On Thu, Jan 14, 2021 at 6:15 AM sagar <[hidden email]> wrote:

>
> Thanks Yun
>
>
>
> On Thu, Jan 14, 2021 at 1:58 PM Yun Gao <[hidden email]> wrote:
>>
>> Hi Sagar,
>>
>>   I rechecked and found that the new kafka source is not formally publish yet, and a stable method I think may be try adding the FlinkKafkaConsumer as a BOUNDED source first. Sorry for the inconvient.
>>
>> Best,
>>  Yun
>>
>> ------------------------------------------------------------------
>> Sender:Yun Gao<[hidden email]>
>> Date:2021/01/14 15:26:54
>> Recipient:Ardhani Narasimha<[hidden email]>; sagar<[hidden email]>
>> Cc:Flink User Mail List<[hidden email]>
>> Theme:Re: Re: Using Kafka as bounded source with DataStream API in batch mode (Flink 1.12)
>>
>> Hi Sagar,
>>
>>       I think the problem is that the legacy source implemented by extending SourceFunction are all defined as CONTINOUS_UNBOUNDED when use env.addSource(). Although there is hacky way to add the legacy sources as BOUNDED source [1], I think you may first have a try of new version of KafkaSource [2] ? The new version of KafkaSource is implemented with the new Source API [3], which provides unfied support for the streaming and batch mode.
>>
>> Best,
>>  Yun
>>
>>
>>
>>
>> [1] https://github.com/apache/flink/blob/fc00492654a3707dc5ad54fc3dd33453bb568ed1/flink-connectors/flink-connector-files/src/test/java/org/apache/flink/connector/file/sink/BatchExecutionFileSinkITCase.java#L64
>> [2]  https://github.com/apache/flink/blob/fc00492654a3707dc5ad54fc3dd33453bb568ed1/flink-connectors/flink-connector-kafka/src/test/java/org/apache/flink/connector/kafka/source/KafkaSourceITCase.java#L69
>> [3] https://cwiki.apache.org/confluence/display/FLINK/FLIP-27%3A+Refactor+Source+Interface
>>
>>
>>
>> ------------------Original Mail ------------------
>> Sender:Ardhani Narasimha <[hidden email]>
>> Send Date:Thu Jan 14 15:11:35 2021
>> Recipients:sagar <[hidden email]>
>> CC:Flink User Mail List <[hidden email]>
>> Subject:Re: Using Kafka as bounded source with DataStream API in batch mode (Flink 1.12)
>>>
>>> Interesting use case.
>>>
>>> Can you please elaborate more on this.

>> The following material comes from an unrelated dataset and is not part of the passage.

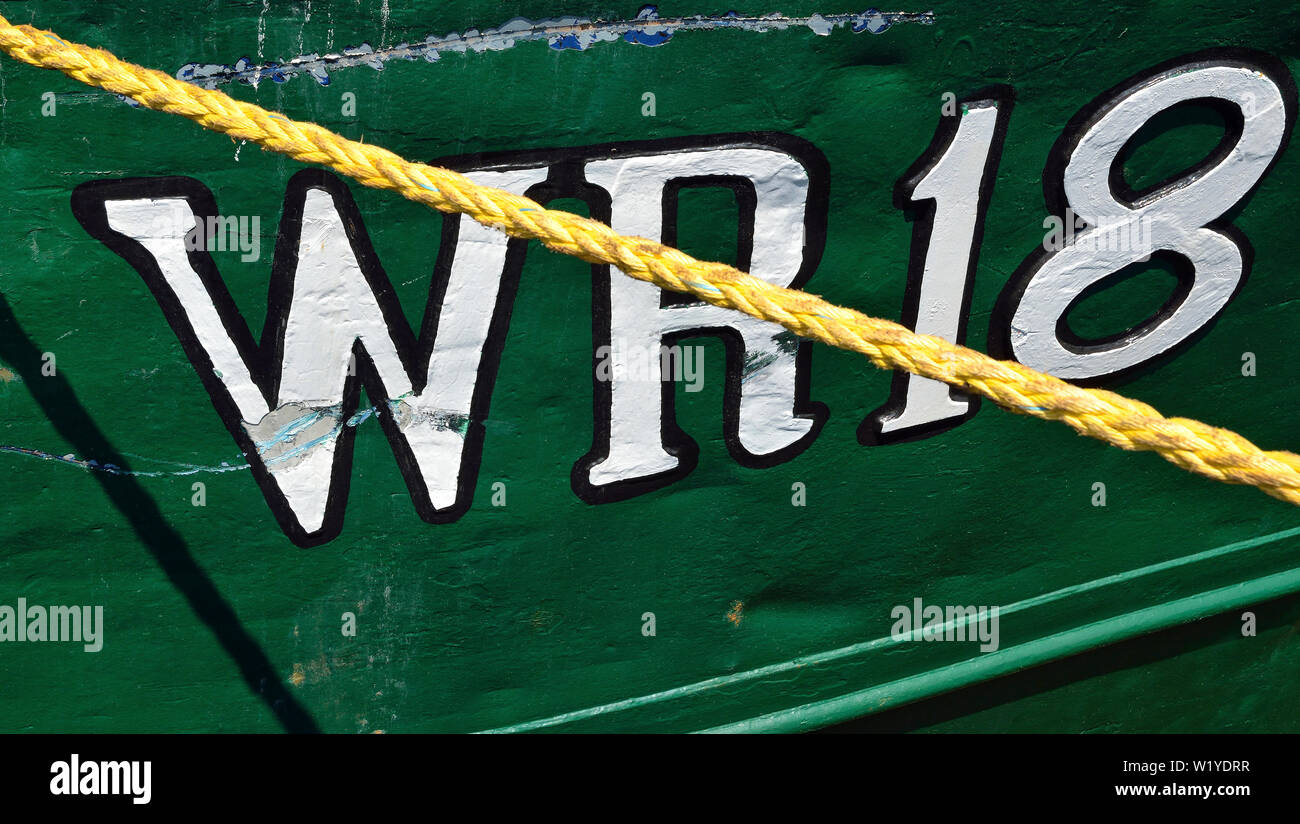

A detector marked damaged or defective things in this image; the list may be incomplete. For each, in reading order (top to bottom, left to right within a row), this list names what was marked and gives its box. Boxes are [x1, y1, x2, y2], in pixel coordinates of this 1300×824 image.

peeling paint [178, 5, 941, 88] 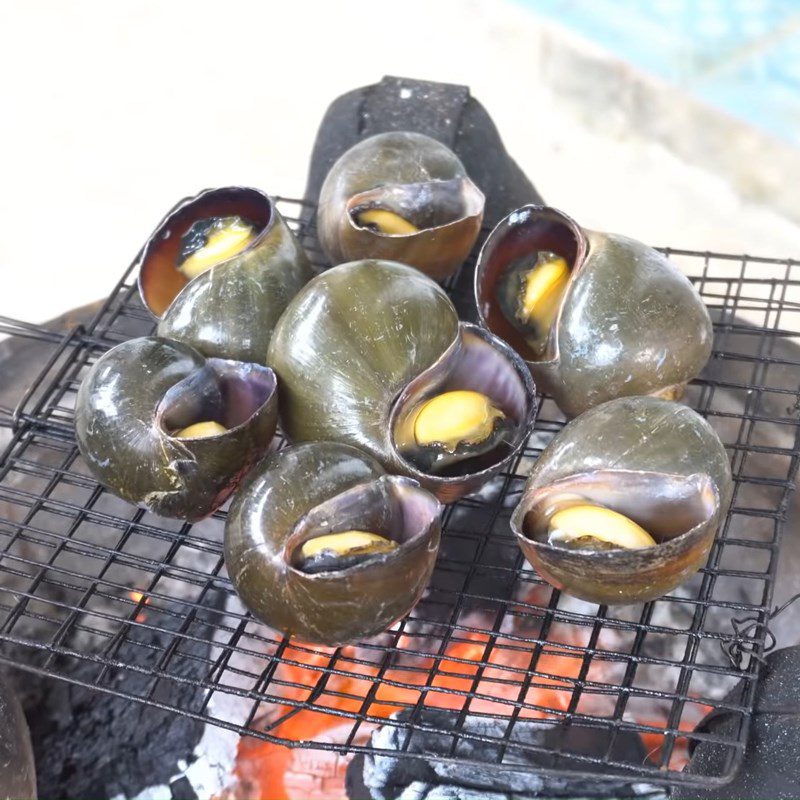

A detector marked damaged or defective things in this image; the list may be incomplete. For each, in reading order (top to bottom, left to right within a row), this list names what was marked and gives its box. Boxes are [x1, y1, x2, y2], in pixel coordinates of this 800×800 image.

rusty grill rack [0, 197, 796, 792]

>>> On what criteria do you want to batch? Time? Count? Or Size?
>>>
>>> On Thu, 14 Jan 2021 at 12:15 PM, sagar <[hidden email]> wrote:
>>>>
>>>> Hi Team,
>>>>
>>>> I am getting the following error while running DataStream API in with batch mode with kafka source.
>>>> I am using FlinkKafkaConsumer to consume the data.
>>>>
>>>> Caused by: java.lang.IllegalStateException: Detected an UNBOUNDED source with the 'execution.runtime-mode' set to 'BATCH'. This combination is not allowed, please set the 'execution.runtime-mode' to STREAMING or AUTOMATIC
>>>> at org.apache.flink.util.Preconditions.checkState(Preconditions.java:198) ~[flink-core-1.12.0.jar:1.12.0]
>>>>
>>>> In my batch program I wanted to work with four to five different stream in batch mode as data source is bounded
>>>>
>>>> I don't find any clear example of how to do it with kafka souce with Flink 1.12
>>>>
>>>> I don't want to use JDBC source as underlying database table may change. please give me some example on how to achieve the above use case.
>>>>
>>>> Also for any large bounded source are there any alternatives to achieve this?
>>>>
>>>>
>>>>
>>>> --
>>>> ---Regards---
>>>>
>>>>   Sagar Bandal
>>>>
>>>> This is confidential mail ,All Rights are Reserved.If you are not intended receipiant please ignore this email.
>>>
>>>
>>> -----------------------------------------------------------------------------------------------------------------------------------------------------------------------
>>> IMPORTANT: The contents of this email and any attachments are confidential and protected by applicable laws. If you have received this email by mistake, please (i) notify the sender immediately; (ii) delete it from your database; and (iii) do not disclose the contents to anyone or make copies thereof. Razorpay accepts no liability caused due to any inadvertent/ unintentional data transmitted through this email.
>>> -----------------------------------------------------------------------------------------------------------------------------------------------------------------------
>>
>>
>
>
> --
> ---Regards---
>
>   Sagar Bandal
>
> This is confidential mail ,All Rights are Reserved.If you are not intended receipiant please ignore this email.